Amazon CloudFormation custom resource - Amazon ParallelCluster
Services or capabilities described in Amazon Web Services documentation might vary by Region. To see the differences applicable to the China Regions, see Getting Started with Amazon Web Services in China (PDF).

Amazon CloudFormation custom resource

Starting with Amazon ParallelCluster version 3.6.0, you can use an Amazon ParallelCluster CloudFormation custom resource in an Amazon CloudFormation stack. The custom resource is an Amazon ParallelCluster hosted stack. This way, you can use CloudFormation to configure and manage your clusters. For example, you can configure cluster external resources such as network, shared storage, and security group infrastructure in a CloudFormation stack. Furthermore, you can manage your cluster with a CloudFormation infrastructure as code pipeline.

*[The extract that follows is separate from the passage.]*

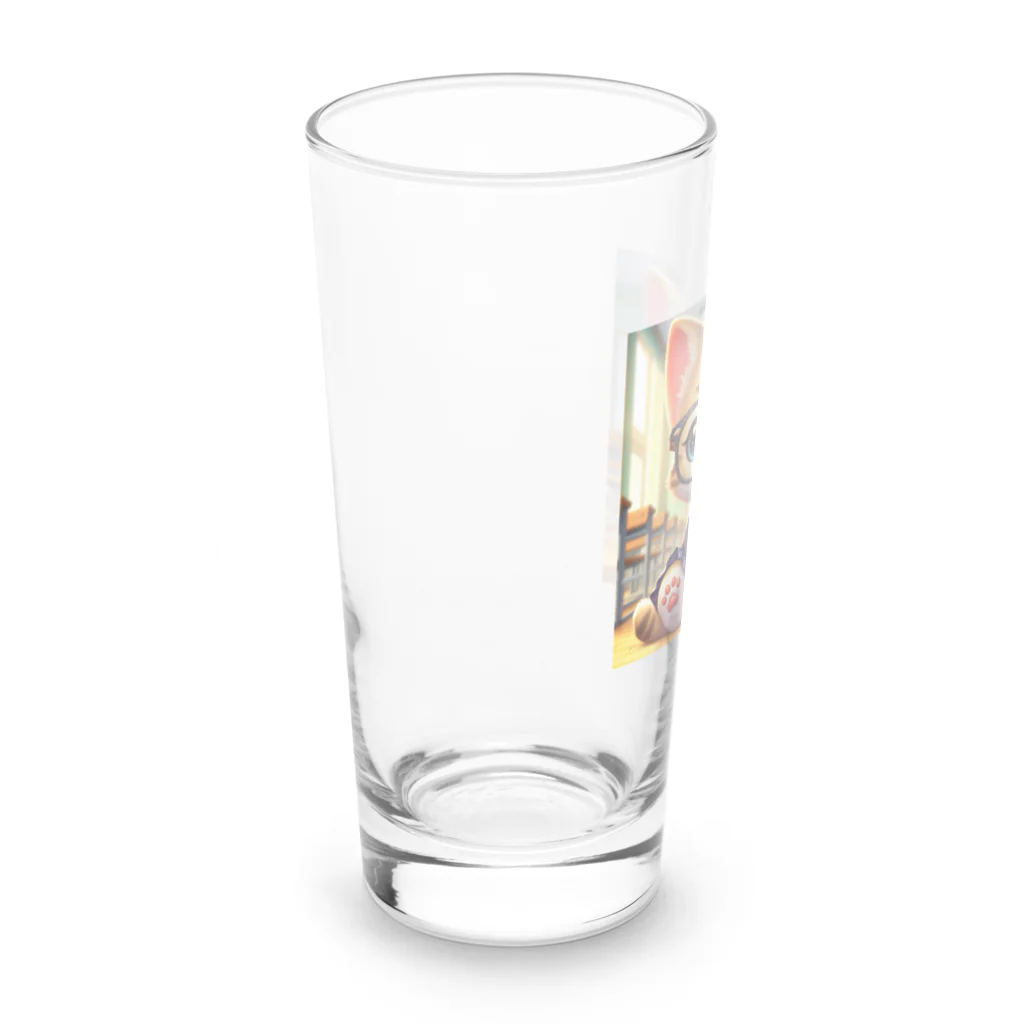 キュート＆クールのメガネのニャンコ３D・学校ver② Long Sized Water Glass :left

Add an Amazon ParallelCluster custom resource to your CloudFormation template by doing the following:

  1. Add a custom resource provider stack that is owned and hosted by Amazon ParallelCluster.

  2. Reference the provider stack in your CloudFormation template as a custom resource.

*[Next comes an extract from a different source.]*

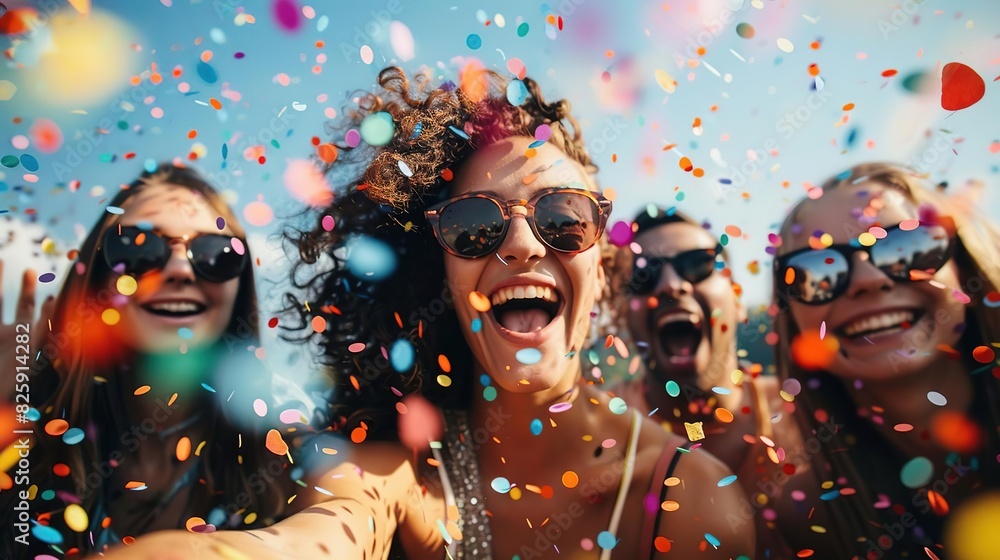 Group of friends celebrating with colorful confetti under the sun, capturing fun and joy of a party or festival with smiles and sunglasses. Group of friends celebrating with colorful confetti under the sun, capturing fun and joy of a party or festival with smiles and sunglasses.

The custom resource provider stack handles and responds to CloudFormation requests. For example, when you deploy your CloudFormation stack, you also configure and create a cluster. To update a cluster, you update your CloudFormation stack. You delete a cluster when you delete your stack. For more information about CloudFormation custom resources, see Custom resources in the Amazon CloudFormation User Guide.

Warning

CloudFormation doesn't detect custom resource drift. Only use CloudFormation to update the cluster configuration and to delete a cluster.

You can use the pcluster CLI or the Amazon ParallelCluster UI to monitor the state of the cluster or to update the compute fleet, but you must not use them to update the cluster configuration or to delete the cluster.

Note

We recommend that you add termination protection to your stack to avoid accidental removal.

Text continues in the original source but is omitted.